The output is the lines below from the one with "trong tre lay" through the one with "21 墨田区 スカイツリー イーストタワー 啓翁桜 生花 展示 SEASONS", both included, printed exactly and with no other line.

■ LISTED ENTRIES ■
********

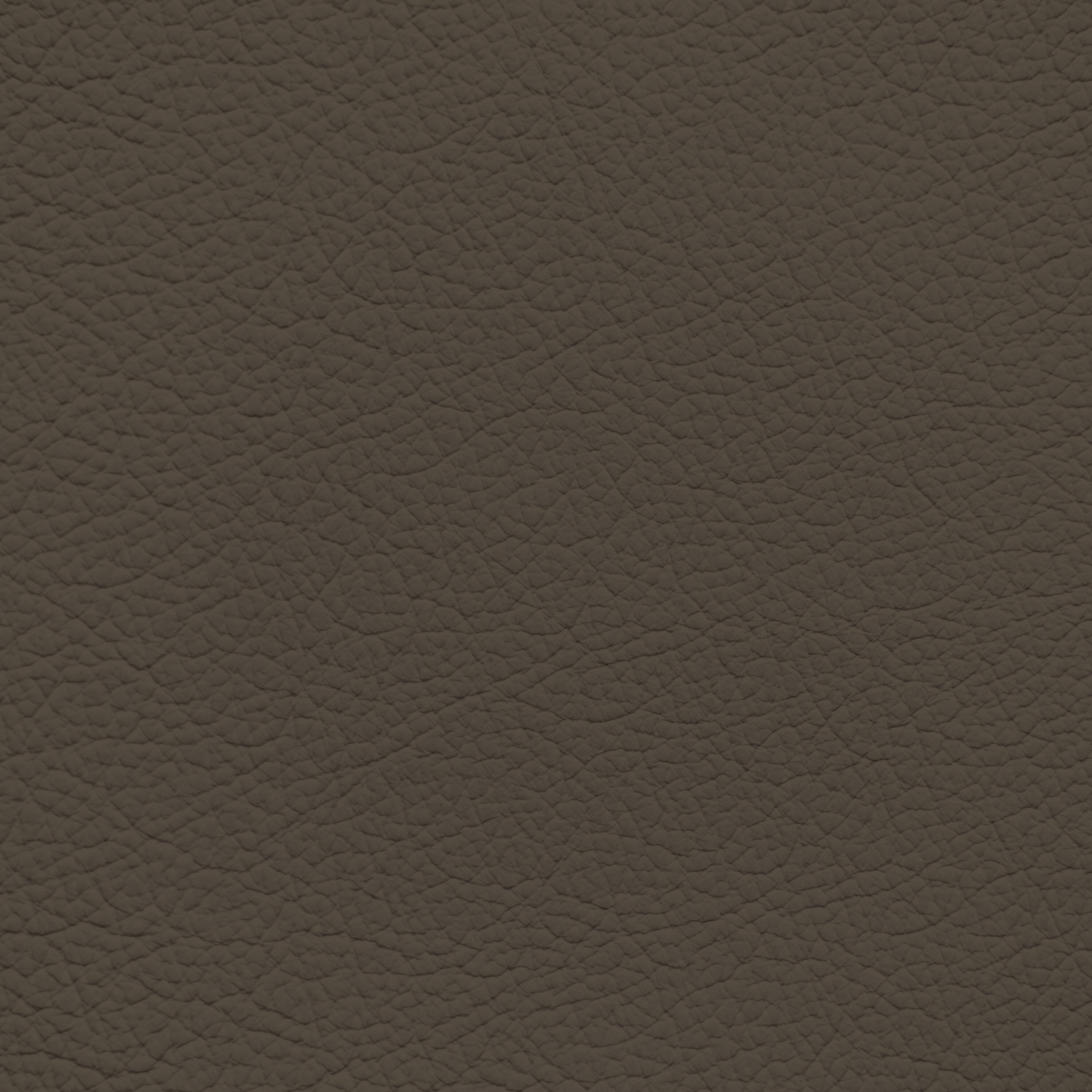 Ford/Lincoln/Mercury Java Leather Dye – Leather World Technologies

********

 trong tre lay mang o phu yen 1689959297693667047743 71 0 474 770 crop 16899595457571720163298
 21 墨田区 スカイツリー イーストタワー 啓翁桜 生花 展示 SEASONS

********

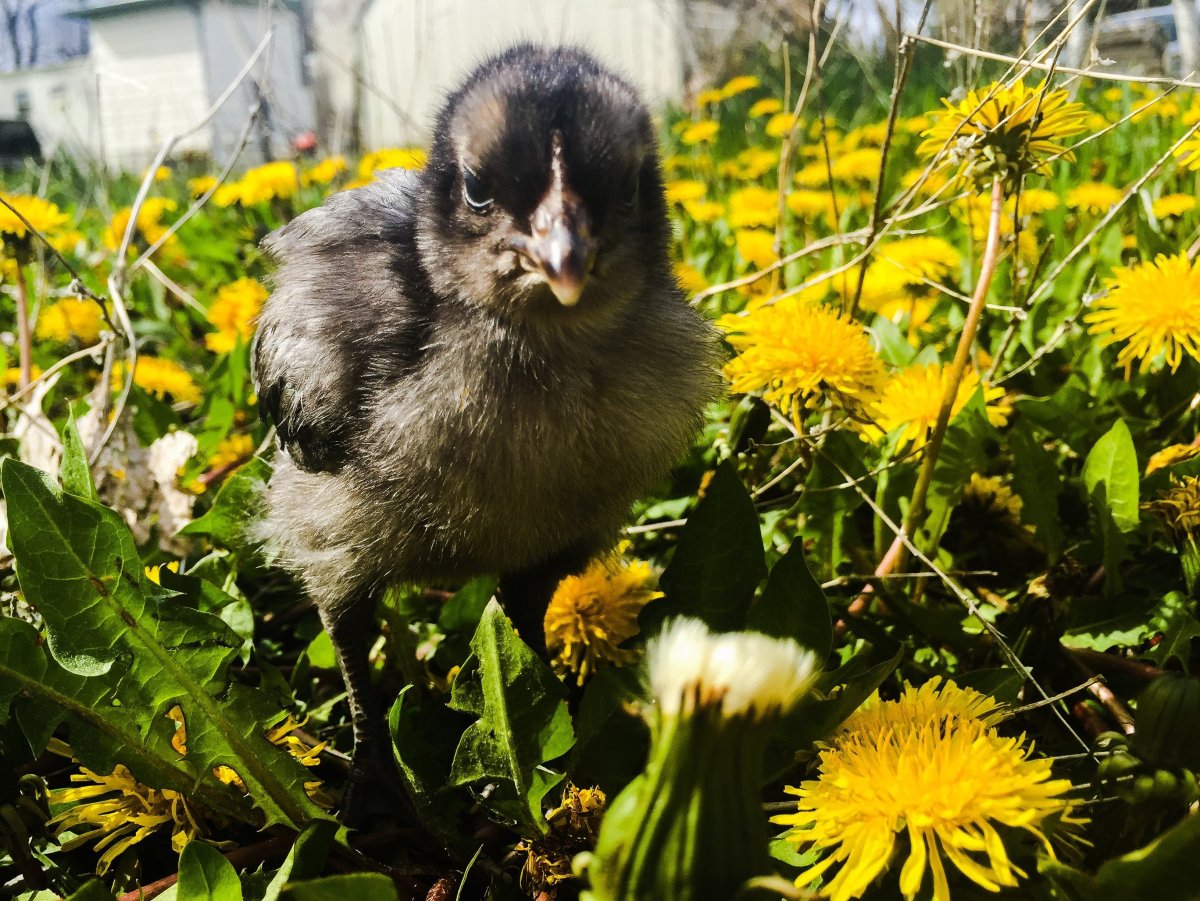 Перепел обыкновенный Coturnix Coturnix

********

■ SOLUTION TO THIS PROBLEM ■
 trong tre lay mang o phu yen 1689959297693667047743 71 0 474 770 crop 16899595457571720163298
 21 墨田区 スカイツリー イーストタワー 啓翁桜 生花 展示 SEASONS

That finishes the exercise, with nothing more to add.